A novel device that could one day lead to significantly higher IVF success rates in humans has been developed by scientists from University of Michigan.
They built a device that imitates the motion that embryos experience in the body as they make their way down a mammal's oviduct (a woman's Fallopian tube) to the uterus.
Currently in IVF, eggs are fertilized with sperm and left to grow for several days in a culture dish that remains still. Then the embryos are transferred to the uterus.
"By making the cells feel more at home, we get better cells, which is key to having better infertility treatment," said Shu Takayama, an associate professor in the Department of Biomedical Engineering and in macromolecular science and engineering.
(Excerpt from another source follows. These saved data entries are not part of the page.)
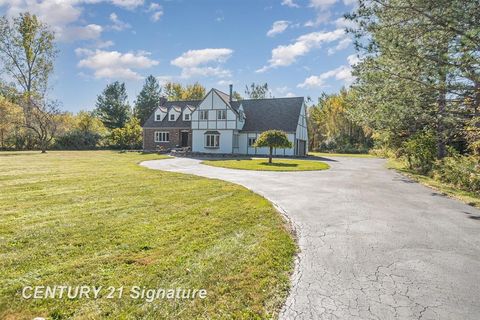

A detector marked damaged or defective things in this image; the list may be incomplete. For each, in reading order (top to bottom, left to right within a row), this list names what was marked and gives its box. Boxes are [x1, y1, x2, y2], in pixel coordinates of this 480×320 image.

cracked asphalt [141, 156, 480, 318]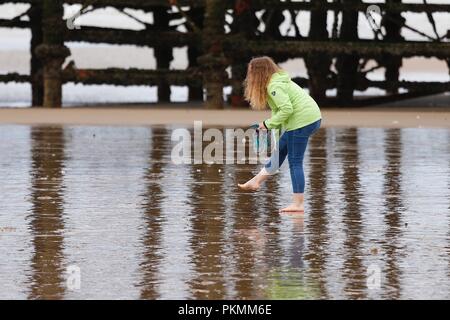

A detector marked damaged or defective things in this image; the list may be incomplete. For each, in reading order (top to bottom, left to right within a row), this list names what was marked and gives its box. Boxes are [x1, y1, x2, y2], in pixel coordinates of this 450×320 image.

rusty metal pillar [36, 0, 70, 108]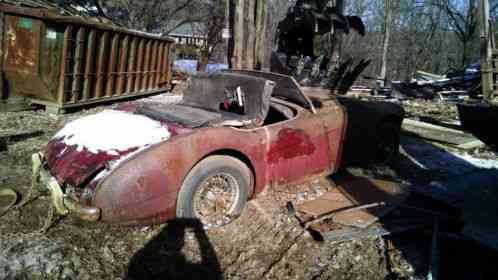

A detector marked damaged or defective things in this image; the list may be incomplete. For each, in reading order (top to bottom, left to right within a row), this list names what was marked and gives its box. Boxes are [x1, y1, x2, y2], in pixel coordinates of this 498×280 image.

damaged front end [32, 152, 101, 222]
rusted red convertible [33, 71, 402, 226]
abandoned vehicle [32, 71, 404, 226]
rusty car body [34, 71, 404, 226]
peeling red paint [268, 128, 316, 163]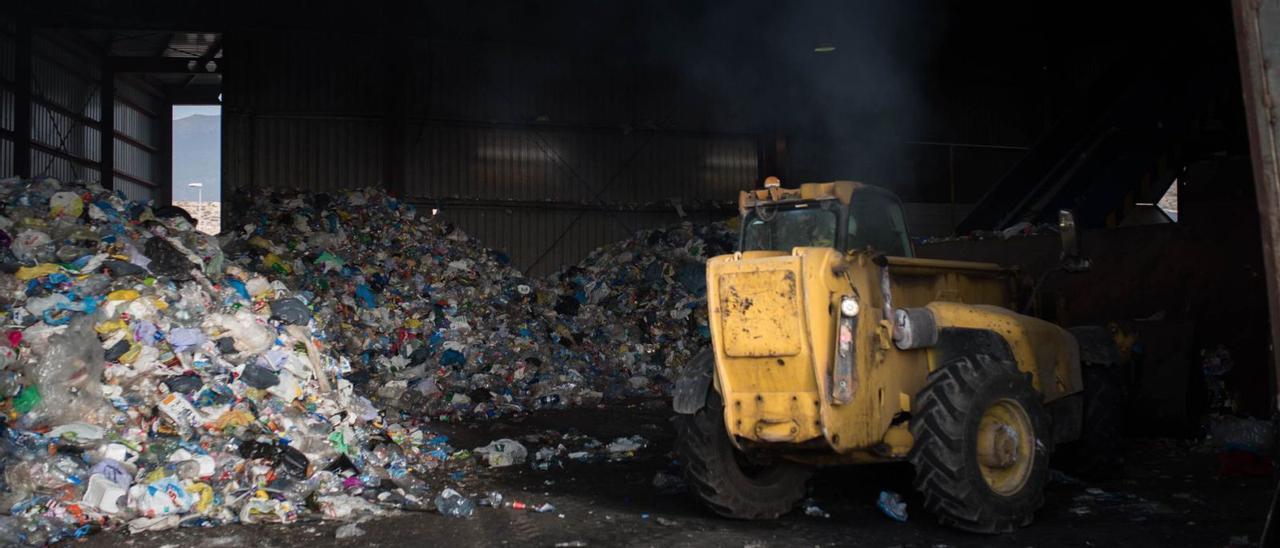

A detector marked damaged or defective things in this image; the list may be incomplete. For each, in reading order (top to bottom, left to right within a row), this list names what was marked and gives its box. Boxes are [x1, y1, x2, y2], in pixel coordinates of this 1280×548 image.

rusty metal panel [250, 115, 384, 192]
rusty metal panel [1233, 0, 1280, 404]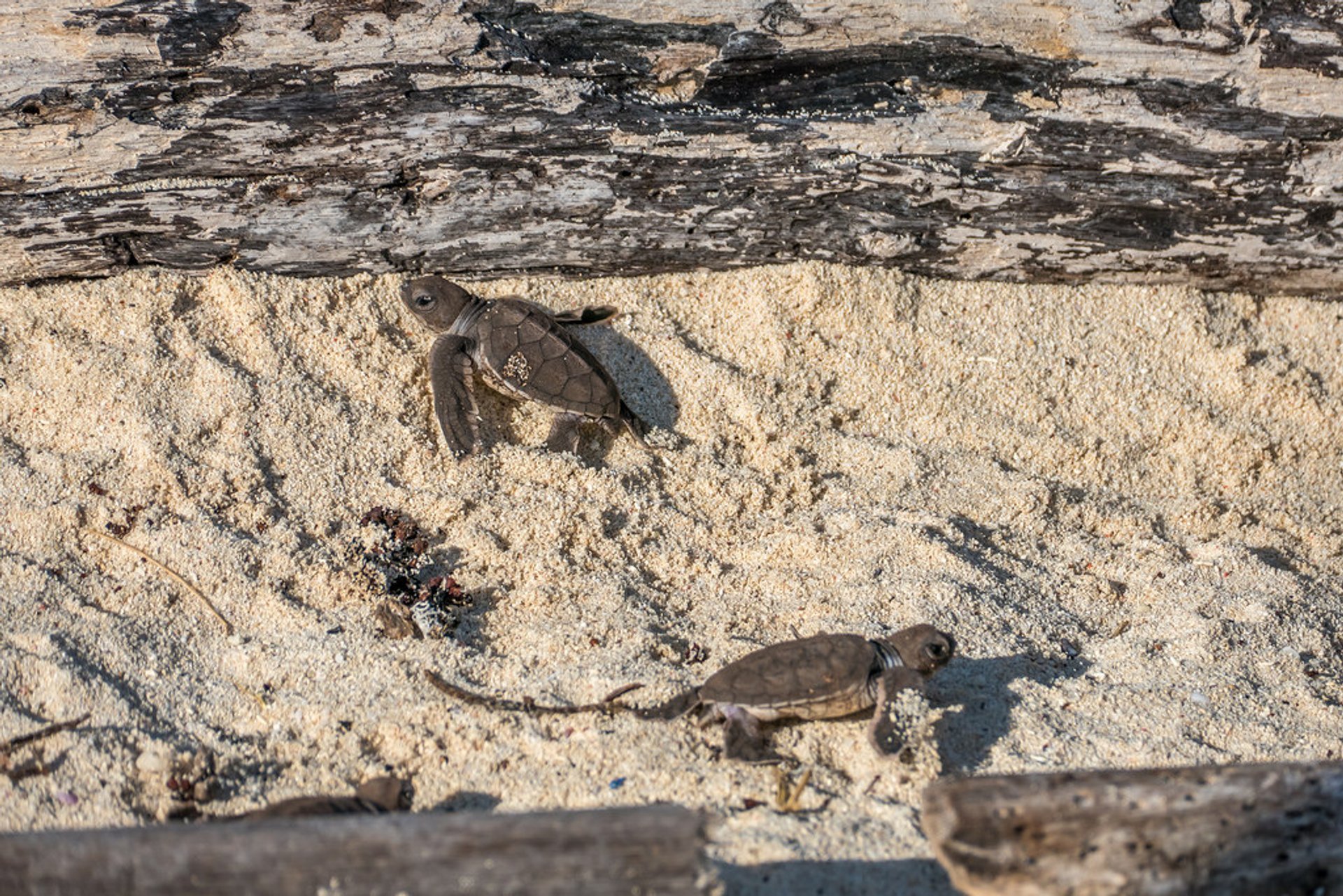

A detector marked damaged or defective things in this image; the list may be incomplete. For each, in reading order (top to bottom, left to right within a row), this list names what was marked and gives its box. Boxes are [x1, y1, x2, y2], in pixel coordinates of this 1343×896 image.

burnt wood surface [2, 1, 1343, 294]
burnt wood surface [0, 806, 709, 896]
burnt wood surface [923, 762, 1343, 896]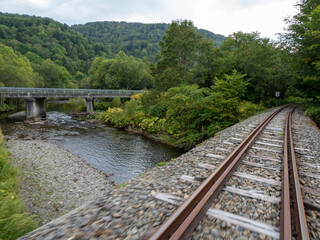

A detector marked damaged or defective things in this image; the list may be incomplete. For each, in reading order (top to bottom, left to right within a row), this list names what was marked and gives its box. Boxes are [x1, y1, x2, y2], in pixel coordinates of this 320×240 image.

rusty railway track [151, 107, 312, 240]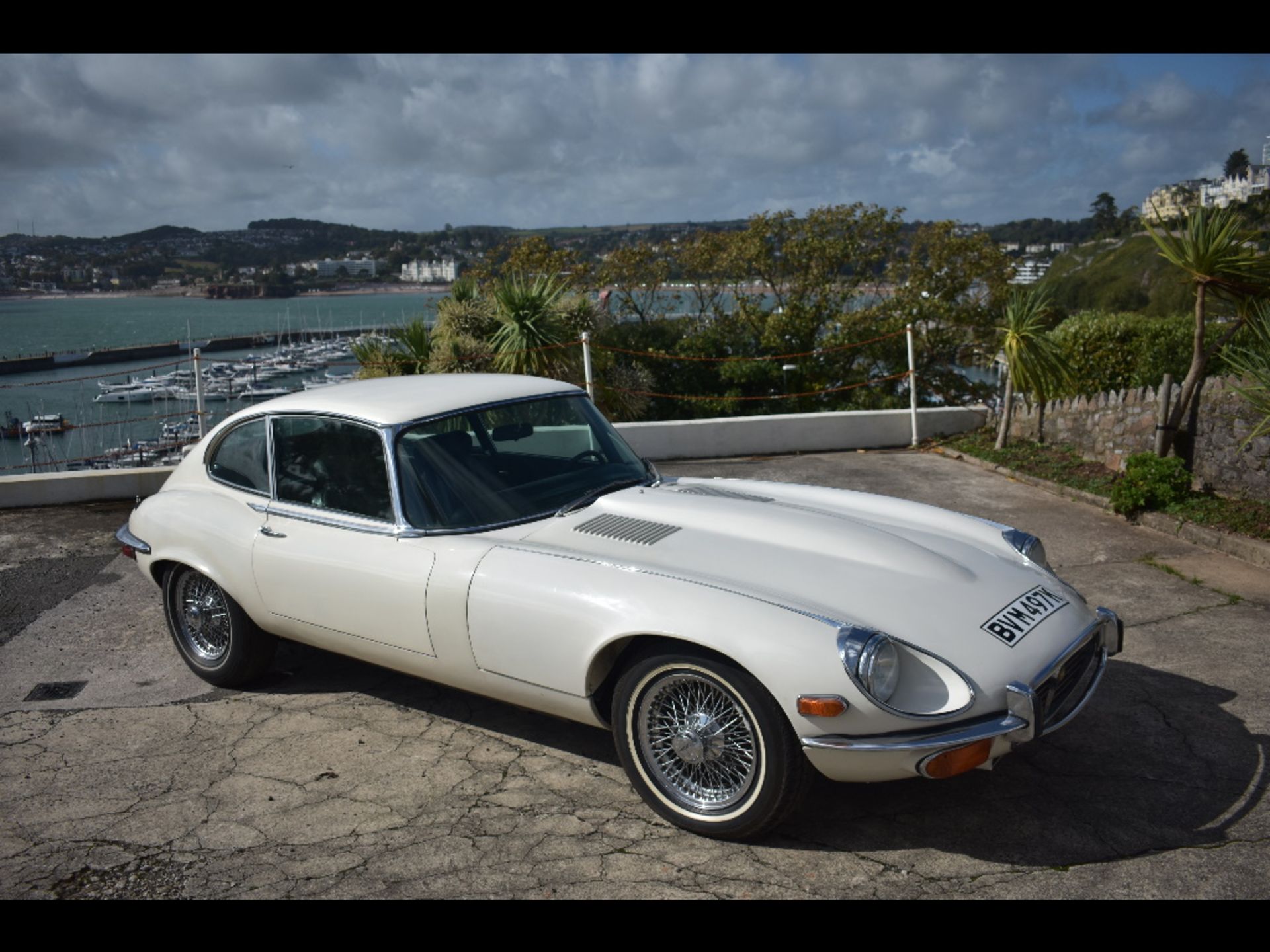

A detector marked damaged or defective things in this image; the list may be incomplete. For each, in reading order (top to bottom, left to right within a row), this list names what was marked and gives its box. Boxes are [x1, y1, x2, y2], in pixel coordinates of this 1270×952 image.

cracked concrete ground [0, 454, 1265, 904]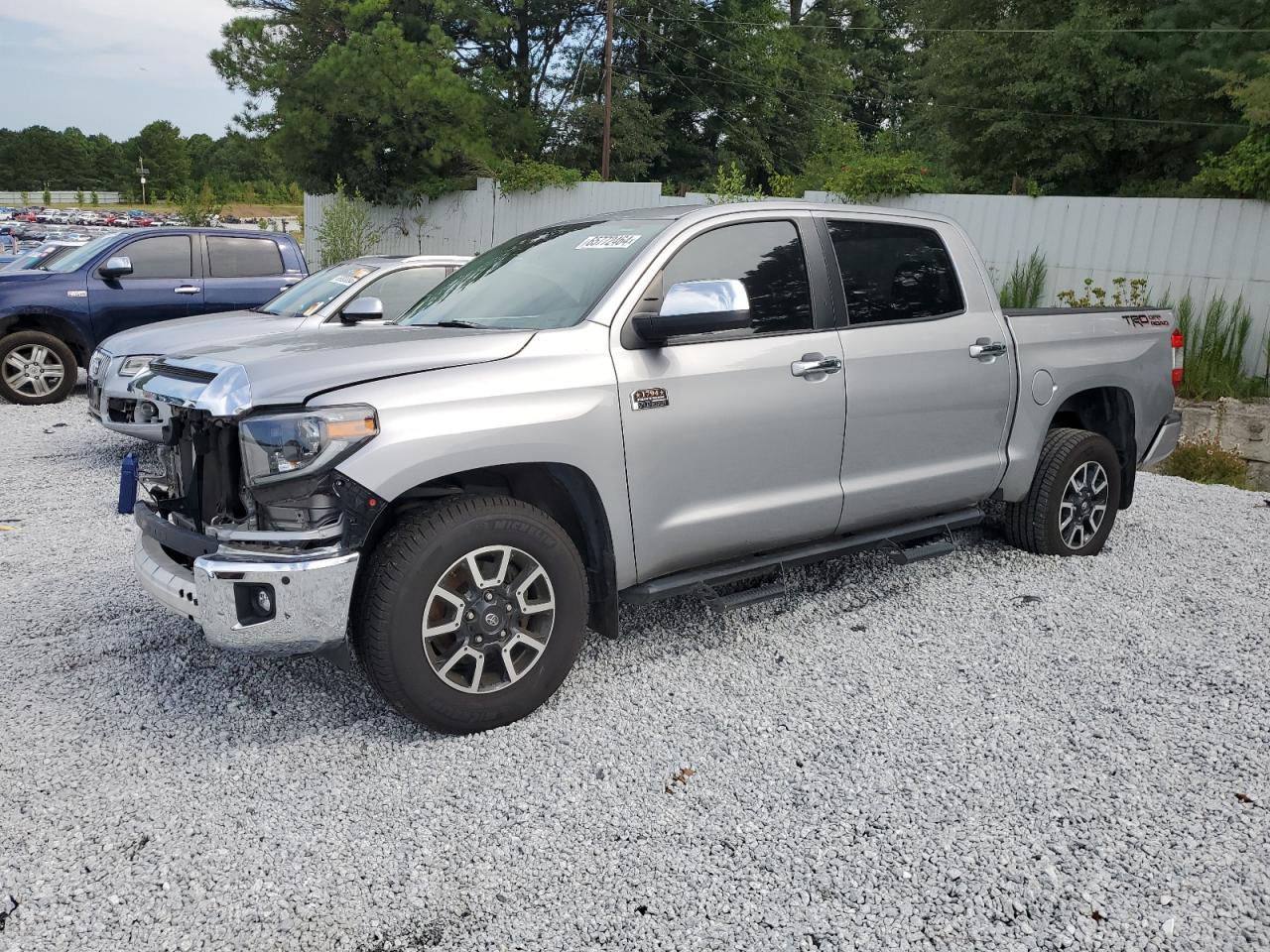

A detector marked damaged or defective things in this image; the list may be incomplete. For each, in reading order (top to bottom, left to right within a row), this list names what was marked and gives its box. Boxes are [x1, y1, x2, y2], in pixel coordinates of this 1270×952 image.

crumpled front bumper [135, 515, 357, 654]
damaged front end [127, 355, 378, 654]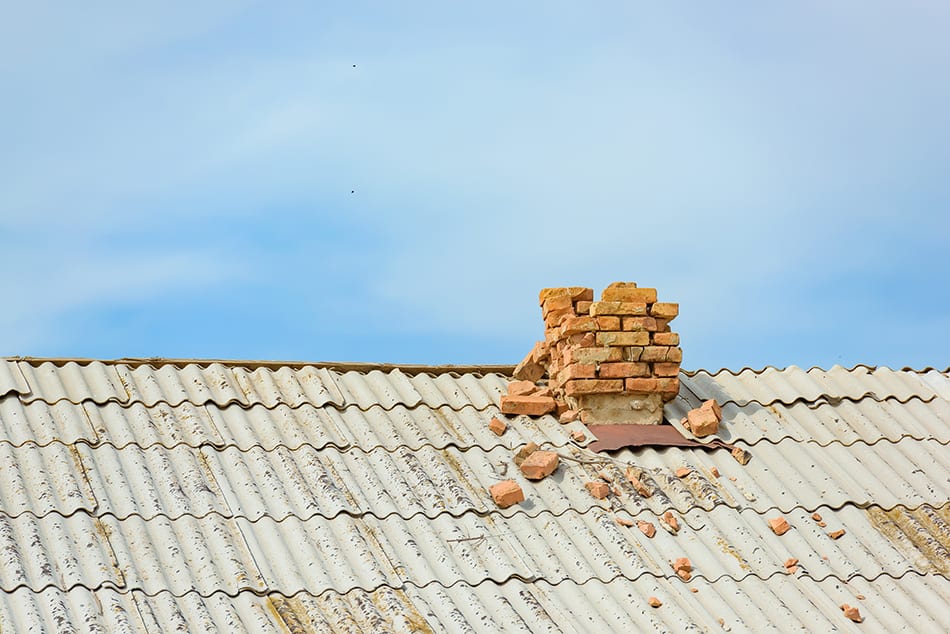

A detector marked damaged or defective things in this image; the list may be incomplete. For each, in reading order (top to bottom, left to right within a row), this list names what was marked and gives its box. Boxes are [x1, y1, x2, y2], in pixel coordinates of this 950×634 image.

damaged chimney stack [516, 282, 680, 424]
broken brick fragment [510, 380, 540, 396]
broken brick fragment [498, 396, 556, 414]
broken brick fragment [490, 414, 506, 434]
rusty metal flashing [588, 422, 736, 452]
broken brick fragment [512, 440, 544, 464]
broken brick fragment [516, 450, 560, 478]
broken brick fragment [490, 478, 528, 508]
broken brick fragment [768, 512, 792, 532]
broken brick fragment [844, 604, 868, 624]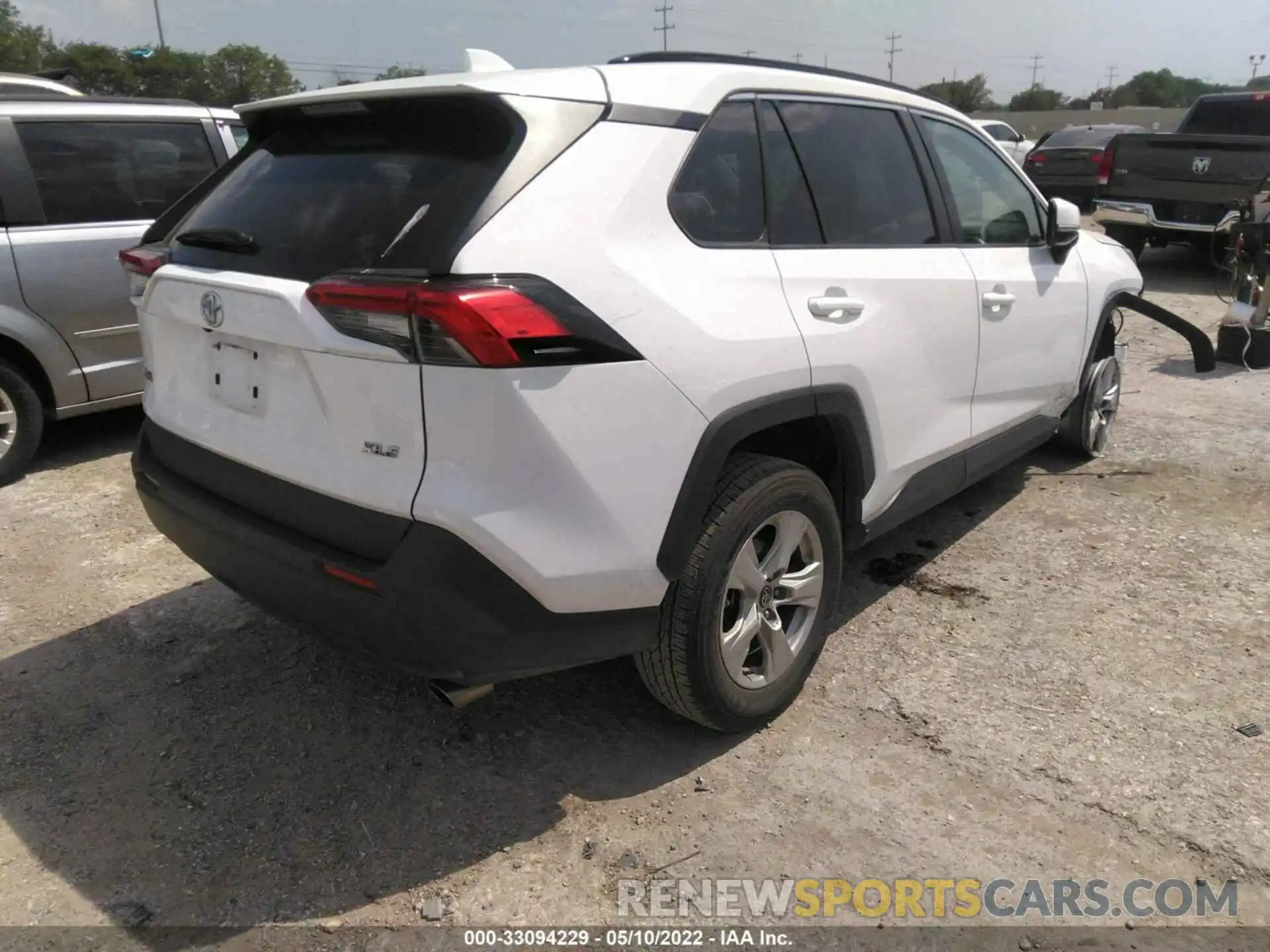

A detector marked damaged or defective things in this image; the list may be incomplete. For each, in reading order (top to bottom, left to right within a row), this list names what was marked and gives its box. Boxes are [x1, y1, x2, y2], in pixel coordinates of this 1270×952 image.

damaged white suv [126, 50, 1153, 731]
damaged front fender [1107, 293, 1214, 376]
detached bumper piece [1107, 293, 1214, 376]
detached bumper piece [134, 421, 660, 680]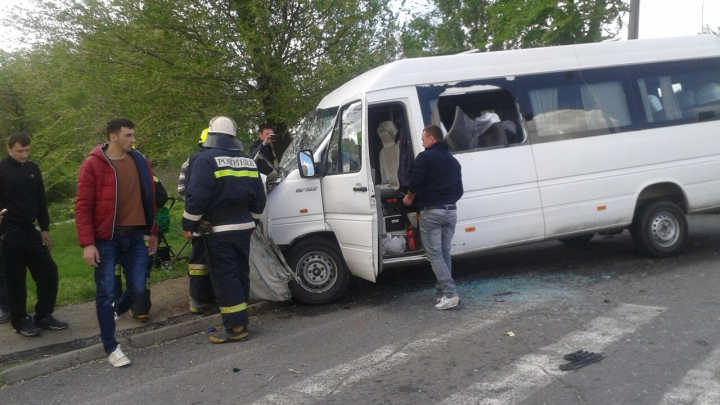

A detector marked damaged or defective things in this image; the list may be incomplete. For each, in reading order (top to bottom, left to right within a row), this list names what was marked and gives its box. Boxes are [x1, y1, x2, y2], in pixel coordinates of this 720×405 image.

broken windshield [280, 105, 338, 174]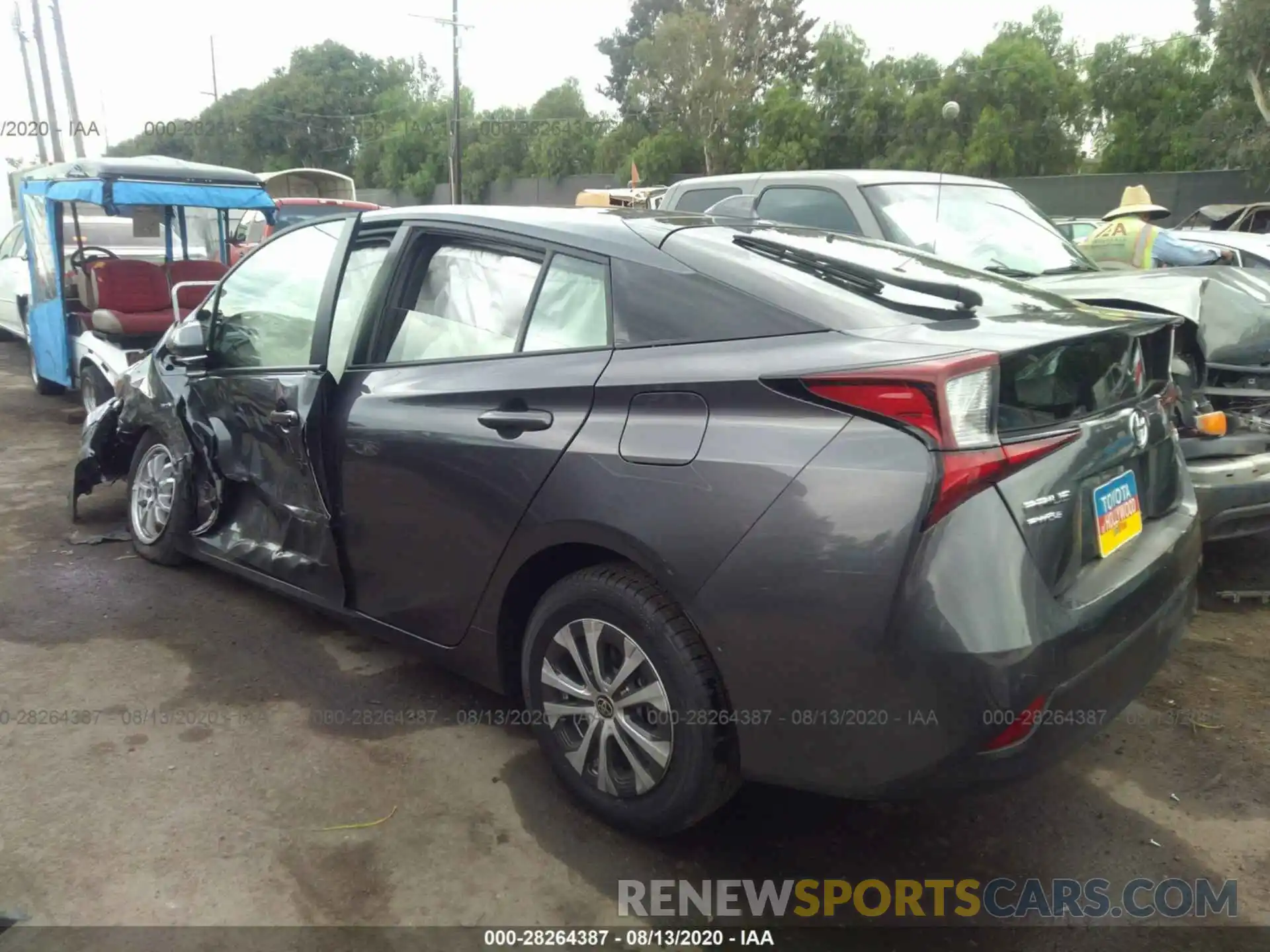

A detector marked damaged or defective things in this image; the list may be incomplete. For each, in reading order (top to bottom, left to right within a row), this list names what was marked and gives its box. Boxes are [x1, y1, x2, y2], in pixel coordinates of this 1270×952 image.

damaged car [71, 206, 1199, 832]
damaged car [665, 171, 1270, 543]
The study showed that by gently rocking embryos while they grow during in vitro fertilization (IVF) improves pregnancy rates in mice by 22 percent.
Lead researchers Takayama and Gary Smith revealed that their device holds early-stage embryos, which are about half the size of the period at the end of this sentence, in a thimble-sized funnel.
The bottom of the funnel is lined with microscopic channels that allow fresh nutrient-rich fluid to flow in and waste products out.
The funnel sits on rows of Braille pins that are programmed to pulse up and down, pushing the fluids in and out of the channels.
The current the Braille pins generate simulates flows that occur in the body due to muscle contractions and the motion of hair-like projections called cilia that line the oviducts.
In the body, these motions help to push fertilized eggs to the uterus and flush out eggs' waste products.
When compared with mouse embryos grown in a static dish, those incubated in the new dynamic device were healthier and more robust after four days.
The study showed that approximately 77 percent of the rocked mouse embryos led to ongoing pregnancies, compared with 55 percent of the statically-grown embryos.
"One of our goals for years now has been to modify how we grow embryos in the lab to be more like how they grow in the human body, because we know that the human body grows them most efficiently," said Smith.
The findings are published online in the journal Human Reproduction.